We travel through everyday Japan with Nanase, a girl who can hear the thoughts of others. This extra sense neither excites nor inspires her. Instead:
Nanase could not recall when she first realized she had the power to read people’s minds. But not once during her eighteen years had she ever thought that it was a particularly unusual ability. She even felt that there must be a lot of people with this power, her logic being that anyone who could do this would keep it secret, as she herself had done.
Her first job takes her to a puzzle, a woman whose thoughts seem so shallow, so focused on the everyday, that Nanase cannot understand her at all. She is soon distracted from this mystery by the all too obvious thoughts of the rest of the family: the father reliving extra-marital conquests, the daughter flaunting transgressions, and the son, where the danger for Nanase lays, lusting after the pretty young maid his mother has just hired. Nanase’s response to these threats is to flee. In fact, she continues fleeing in the next story, running from too much flith and hatred.
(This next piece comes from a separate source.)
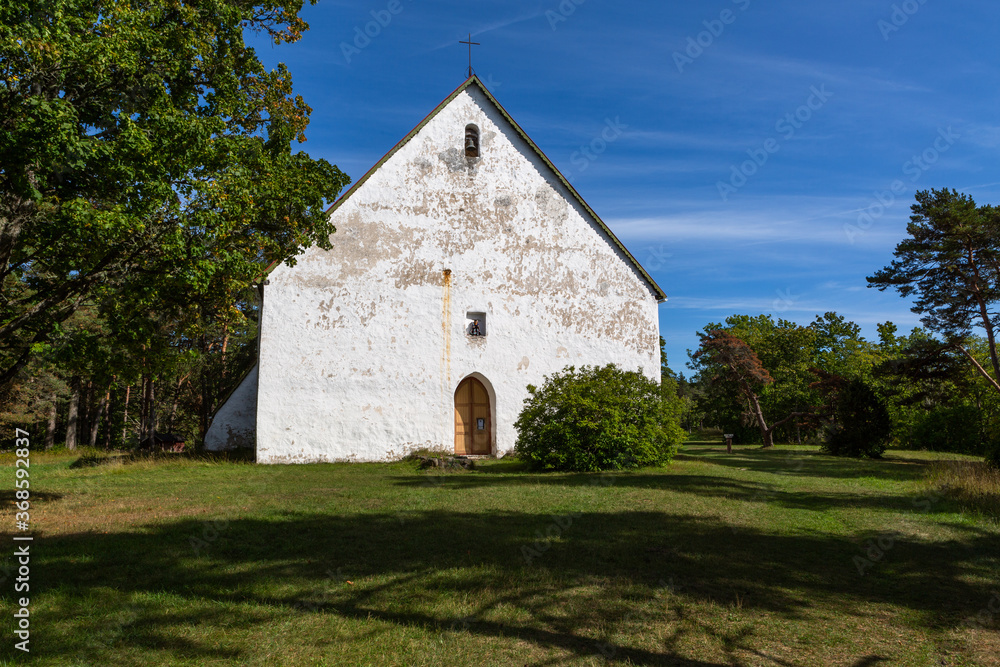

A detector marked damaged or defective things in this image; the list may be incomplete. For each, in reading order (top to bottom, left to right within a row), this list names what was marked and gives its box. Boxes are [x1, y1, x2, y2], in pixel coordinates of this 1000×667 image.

peeling plaster wall [202, 362, 256, 452]
peeling plaster wall [254, 87, 660, 464]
Nanase begins with a blase attitude towards her “extra” sense, and she tends to use it both defensively and to indulge in her curiousity about her employers. However, although she would be the first to claim that “for her, mind-reading was neither a plus nor a minus”, she bends her life around it to accomodate and protect this special ability. It is at her third job that Nanase becomes more proactive, fascinated by the obsession with youth her newest employer focuses on. That, too, falls apart, and she flees from job to job, sometimes in physical danger, sometimes in danger of exposure, gradually learning to use her extra sense as more than a passive tool. Her work as a maid allows her to move easily from place to place for the protection that anonymity brings, and her role as a silent presence in a house deflects the thoughts of others from her. But these protections are not full proof, and Nanase must flee house after house, until her final job leads her to a mind darker than any she could ever imagine.
Tsutsui’s Nanase is a dangerous innocent, both intruder and victim to the vagaries of the lives around her. The language in these stories is spare and sharp, and it is easy to forget that, although Nanase sees more than most, she is still blind to some things that go on around her. This lack, a deafness that comes from youth and inexperience, puts her in danger and shakes the lives of those around her to the core, and gives the stories a haunting quality and lyrical presence that shows the stories of ordinary people for the complex and often dangerous realities they really are.